Only keep one copy of a repository per computer

It’s tempting when starting to use git to clone a repository several times and work on different things in each.  In general it’s much better (and more “git-like”) to just have a single repository and get used to switching about your working tree with git checkout <BRANCH NAME>.  If you want to quickly put aside what you’re working on, without having to carefully put together a commit, then use git stash.  (Beware when unstashing some local modifications with git stash appply however – you need to switch back to the right branch before running that command.)

Turn on all git’s coloured output options

There’s a nice summary on this git cheat sheet of the options you need to add to your .gitconfig to turn on git’s coloured output for terminals.

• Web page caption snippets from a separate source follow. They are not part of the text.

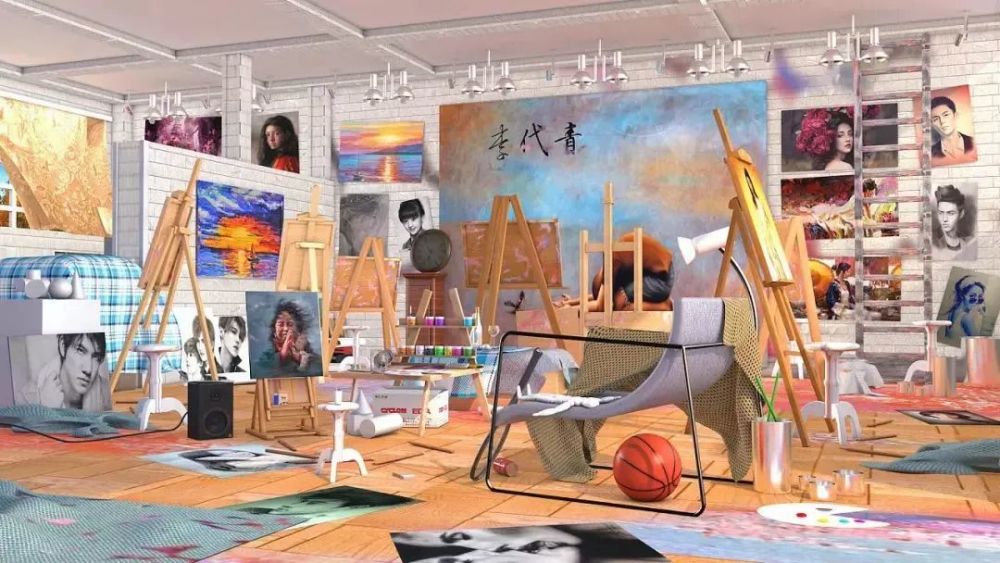 在北京开画室能否靠绘画盈利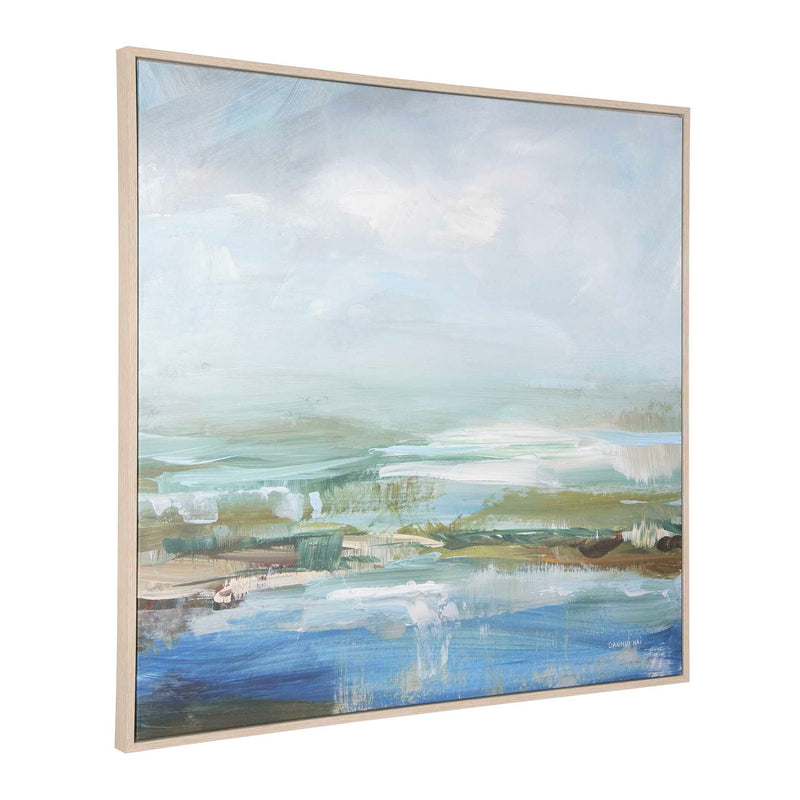 Uttermost Lush Valley Framed Canvas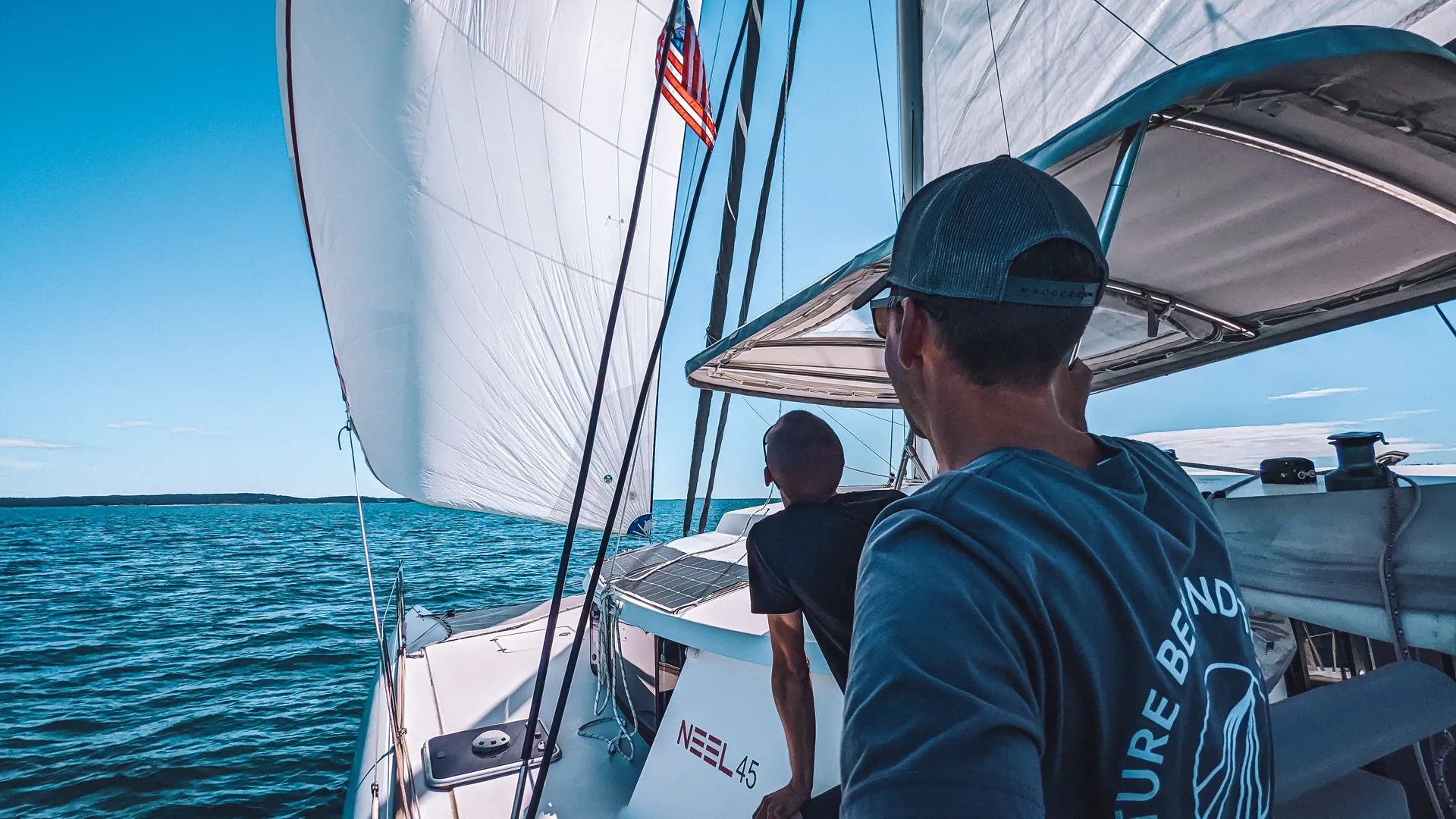 Neel 45 Trimaran in Rockland, ME — photo 6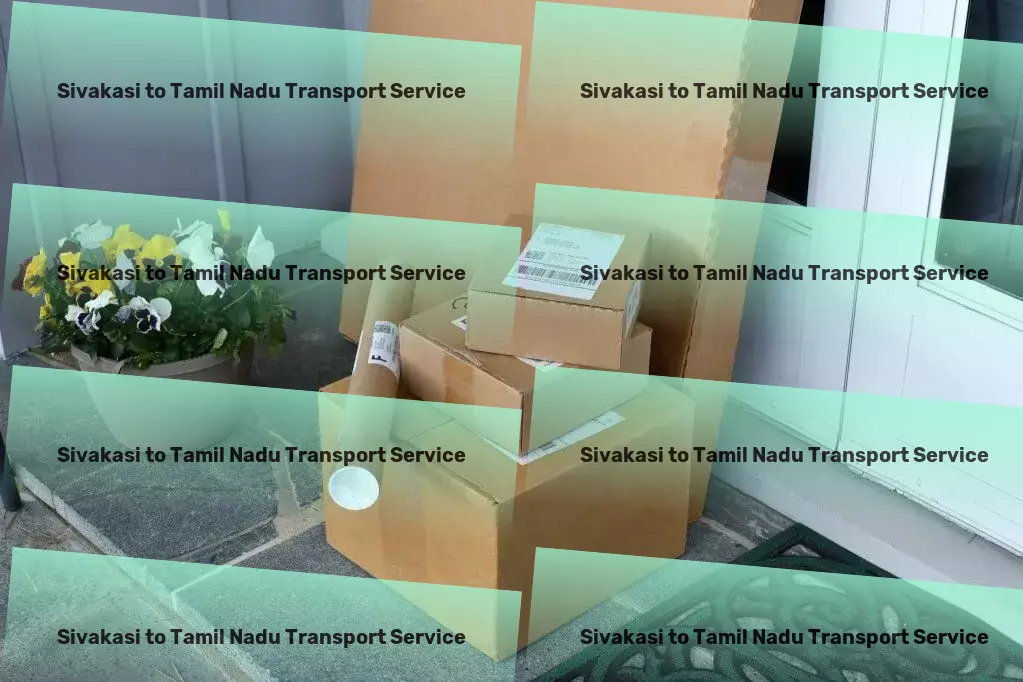 Sivakasi to Tamil Nadu Transport A leap forward in Indian transportation efficiency! - Transit furniture services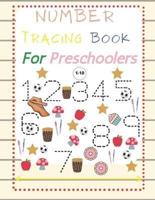 Number Tracing Book For Preschoolers 1-10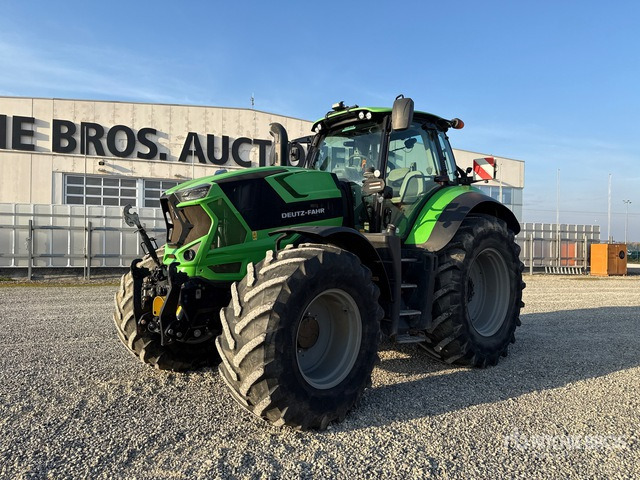 Deutz-Fahr 8280 AGROTRON TTV 4WD Tractor - Traktors: foto 1 Deutz-Fahr 8280 AGROTRON TTV 4WD Tractor - Traktors: foto 1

In addition, you might find the –color-words options to git log and git diff useful.  Rather than producing a line-by-line diff, it will coloured added text in green and removed text in red within a single line.  e.g. try git log -p –color-words

View a particular file from a particular commit

Fairly often, I just want to have a quick look at the version of a file in a particular revision.  The easiest way to do this is with the <COMMIT>:<FILENAME> syntax that git show understands.  For example, to see the version of a file util/TestQuantile.java from a couple of commits ago, you can do:

  git show HEAD^^:util/TestQuantile.java

… or to see it from a topic branch called “experiment” do:

  git show experiment:util/TestQuantile.java

Note that the path is always relative to the repository root – even if you’re in the “util” subdirectory, you still have to include “util/” in the <FILENAME> part.  You can use the same syntax to git diff to compare two arbitrary files from arbitrary revisions.  It’s also frequently useful to view a file from where one of your branches was at a particular date, such as:

  git show master@{2.weeks.ago}:util/TestQuantile.java

To be clear, this is where your own master branch was two weeks ago – it uses the reflog for master rather than commit dates to find the commit.

Use the git glossary

The git glossary provides a very succinct and useful summary of a lot of git concepts, and should be your first port of call if you don’t understand something in the manual pages.  Fundamentally (and perhaps contrary to its reputation)  git is built on simple ideas, and most of these can be understood from the definitions there.

One thought on “A Few git Tips”

  1. Now, if I had known ‘git log -S’ and ‘git show COMMIT:file’ I wouldn’t waste so much time :) thanks!